Images could be pulled via screenshot readme mentions that CDI data for the montreal subset exists (but has not been imported yet) (and DVAP -- another vocab measure)
@alvinwmtan I'm getting a validation error because of an aoi region that is all NA's -- it looks like this is coming from the fact that one of the datasets has aoi coordinates and the other doesn't (hand coded) and NAs get added to that one in a bind_rows? Does that sound right? / Do you have ideas for fixing?
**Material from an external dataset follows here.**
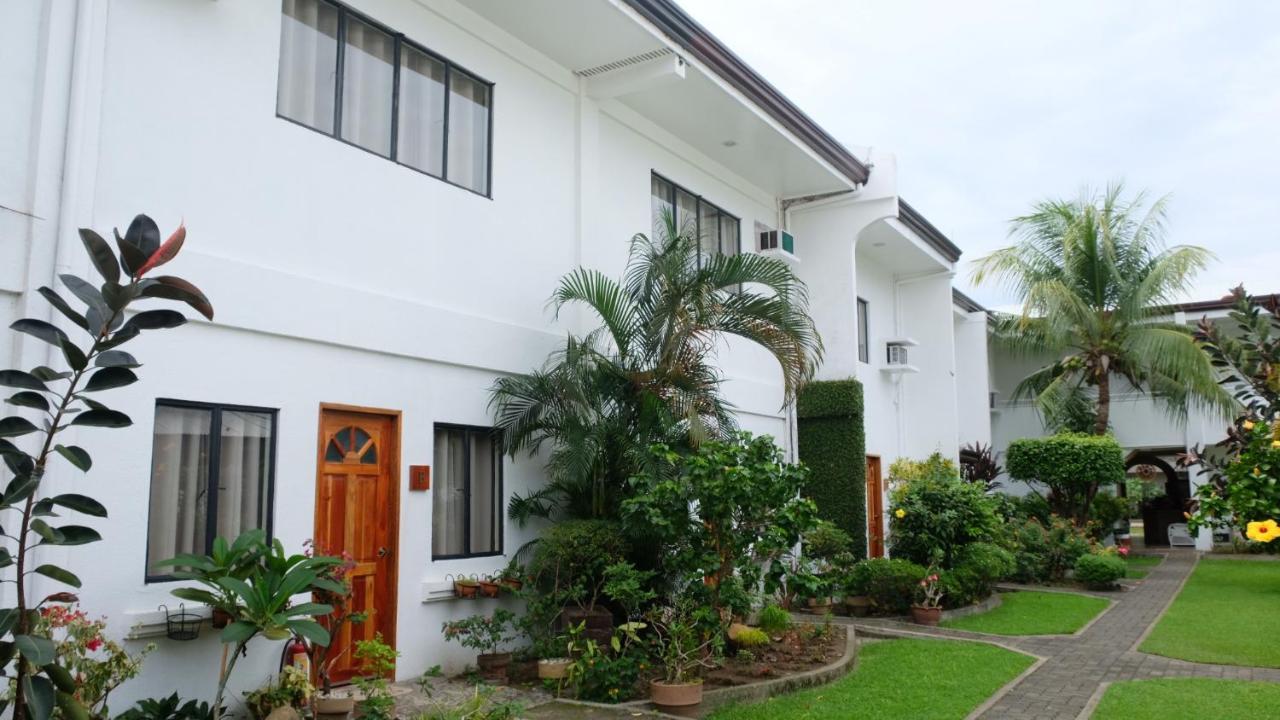 Red Knight Gardens Hotel Davao Bagian luar foto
this is correct (montreal has AOIs and princeton doesn't). somehow i didn't get a validation error when i ran it though? not sure why this is popping up
so the validation issue seems to not be about the NAs and more be about that there are multiple regions in the aoi_region_set, but there's only 1 in the trial_types? which I think I've traced back to
if(!is.na(data$l_x_max[[1]])){
trial_types$aoi_region_set_id <- 0
in the digest_data function at https://github.com/peekbank/peekbank-data-import/blob/33e750103cb1249b35daa01c6a7e9de1da5a6749/helper_functions/idless_draft.R#L284C1-L284C39.
Commenting out that line does seem to "fix" things, but I don't know what it's purpose is -- @adriansteffan what is this line supposed to be doing?
so the validation issue seems to not be about the NAs and more be about that there are multiple regions in the aoi_region_set, but there's only 1 in the trial_types? which I think I've traced back to
if(!is.na(data$l_x_max[[1]])){ trial_types$aoi_region_set_id <- 0
in the digest_data function at https://github.com/peekbank/peekbank-data-import/blob/33e750103cb1249b35daa01c6a7e9de1da5a6749/helper_functions/idless_draft.R#L284C1-L284C39.
Commenting out that line does seem to "fix" things, but I don't know what it's purpose is -- @adriansteffan what is this line supposed to be doing?
The line is supposed to remind me to read my code more carefully before committing. I removed it, thanks for the catch!
Kremin et al. (2021) has two data subsets: Eng–Fra bilingual and Eng–Spa bilingual. The former is included in montat_2022, but the latter is not; we will import this whole dataset separately.